* **Data excerpt**:

[Start of Attachment]

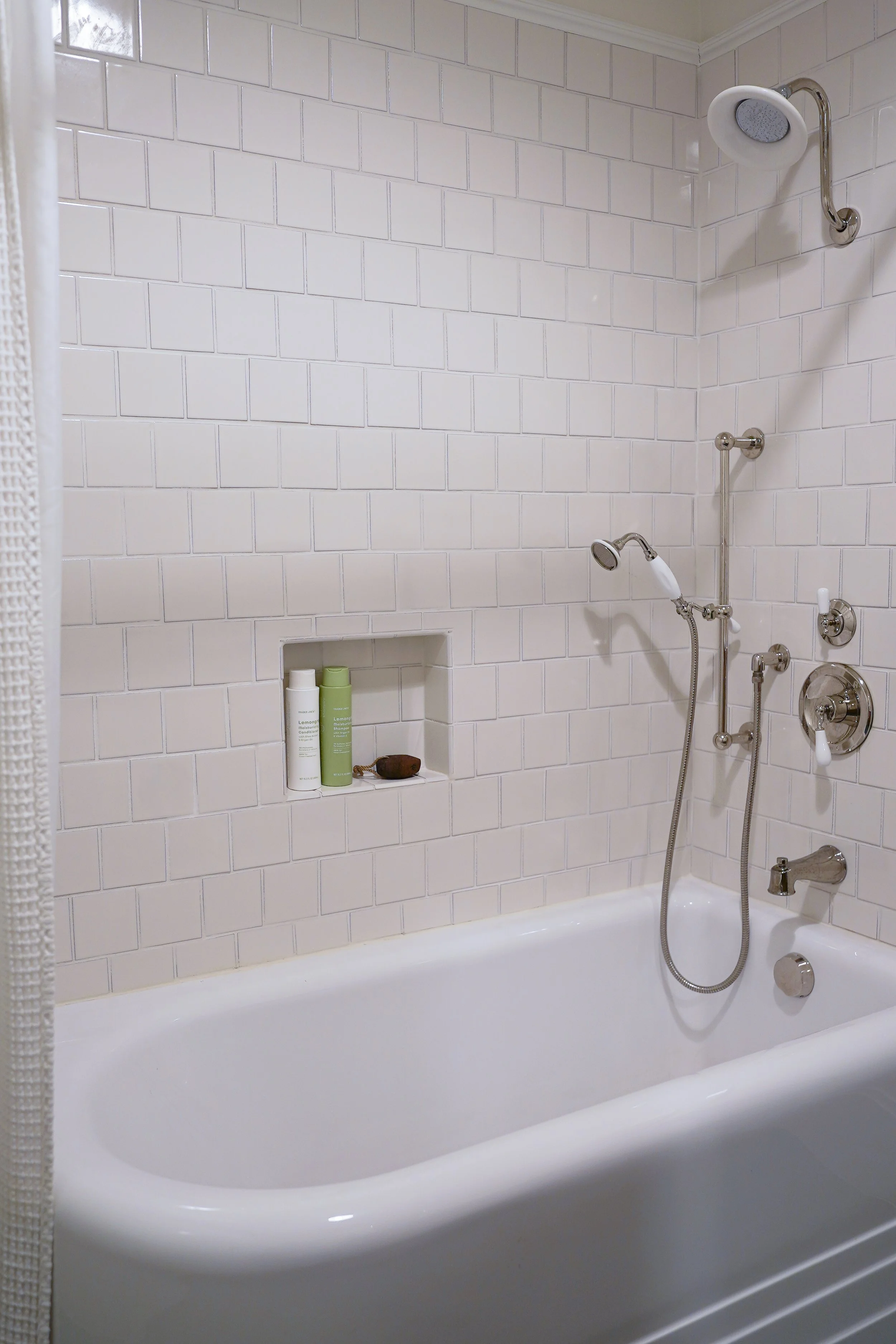A white bathtub in a bathroom with white subway tile walls. There are two shower heads and multiple pipes, one on a vertical bar. A small built-in shelf in the wall holds bottles and a stone object.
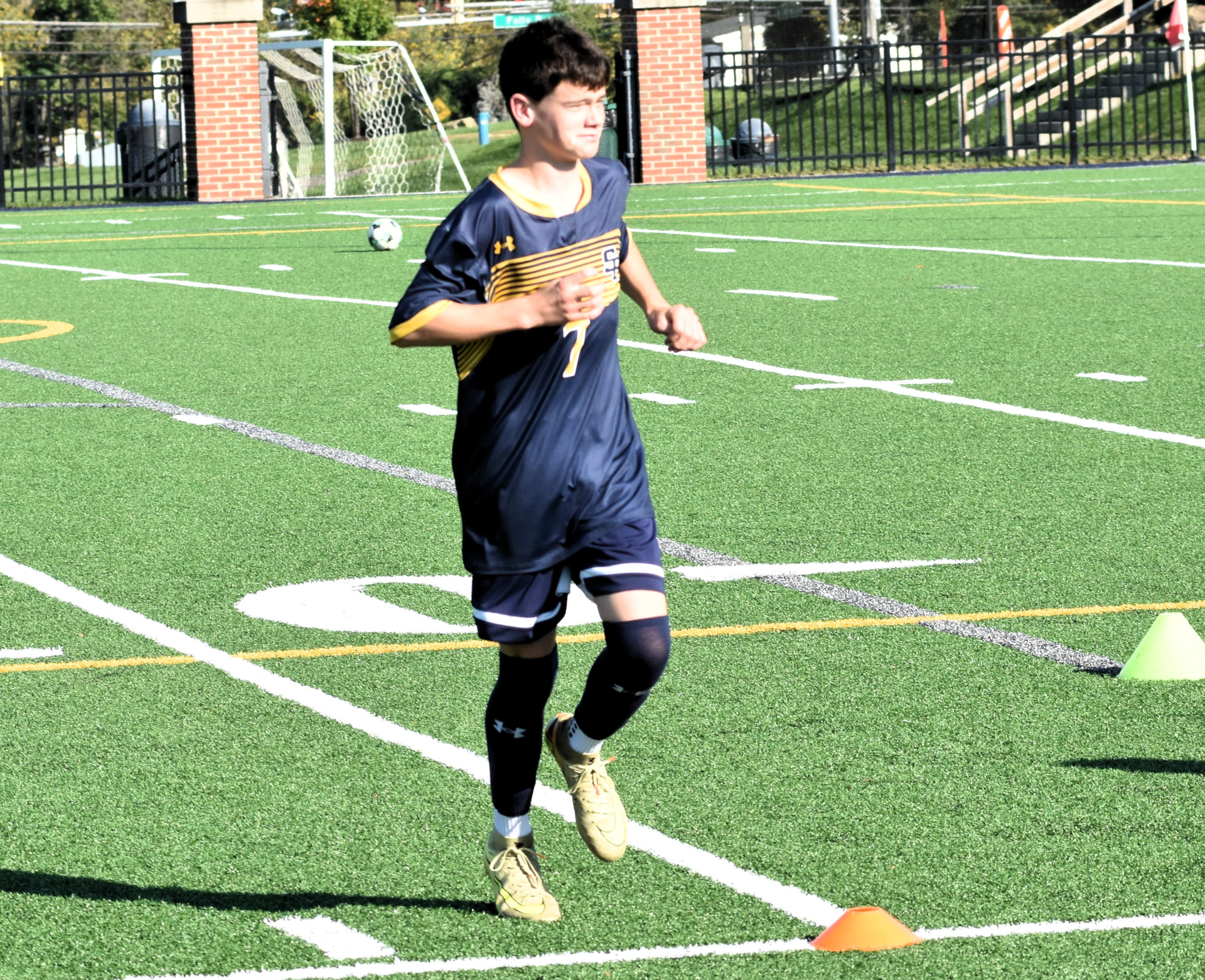 JV Crusaders number 7 jogs across the field during warmups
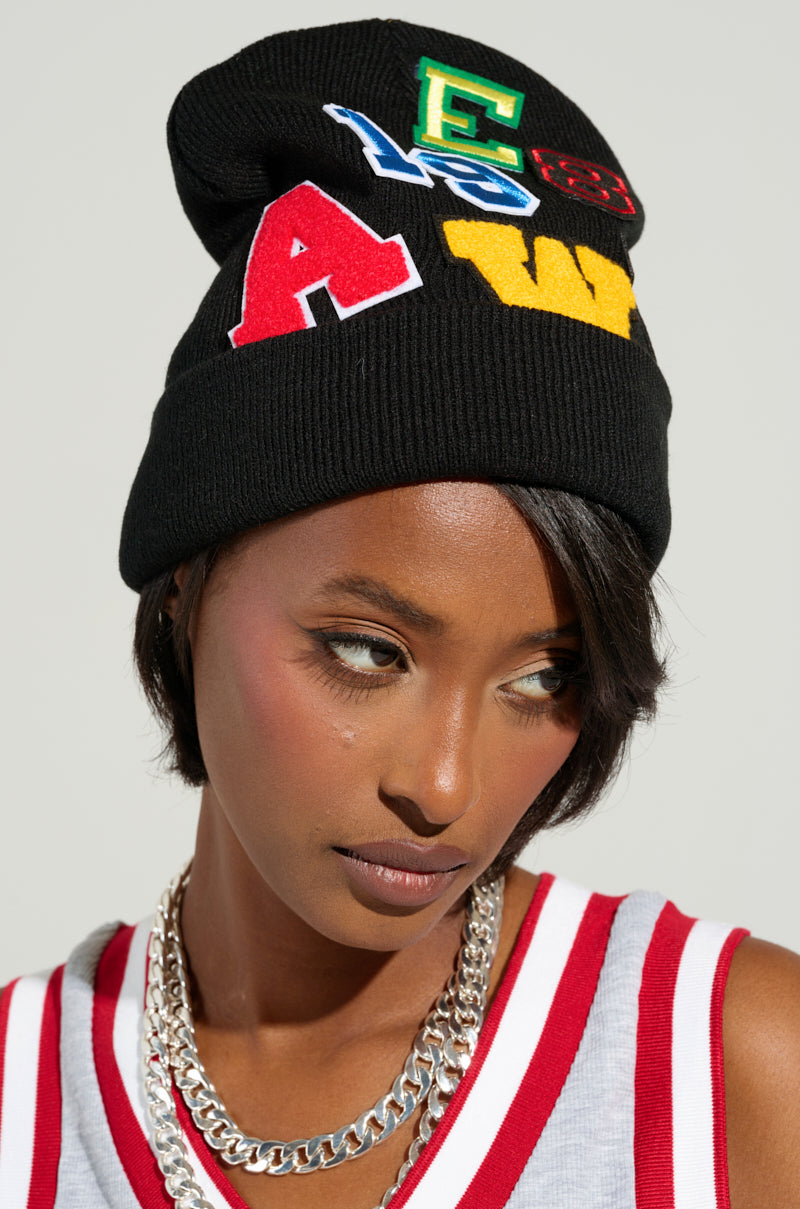 A person wearing the SPORTS VIBES PATCH BEANIE, which features letterman embroidered patches, sports a serious expression. They pair it with a sleeveless red and white striped top to evoke strong sports vibes and complete the look with a chunky silver chain necklace.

[End of Attachment]

* **Work item**: Leaving out the pictures, transcribe the material above exactly.

* **Reply to the exercise**:
A white bathtub in a bathroom with white subway tile walls. There are two shower heads and multiple pipes, one on a vertical bar. A small built-in shelf in the wall holds bottles and a stone object.
 JV Crusaders number 7 jogs across the field during warmups
 A person wearing the SPORTS VIBES PATCH BEANIE, which features letterman embroidered patches, sports a serious expression. They pair it with a sleeveless red and white striped top to evoke strong sports vibes and complete the look with a chunky silver chain necklace.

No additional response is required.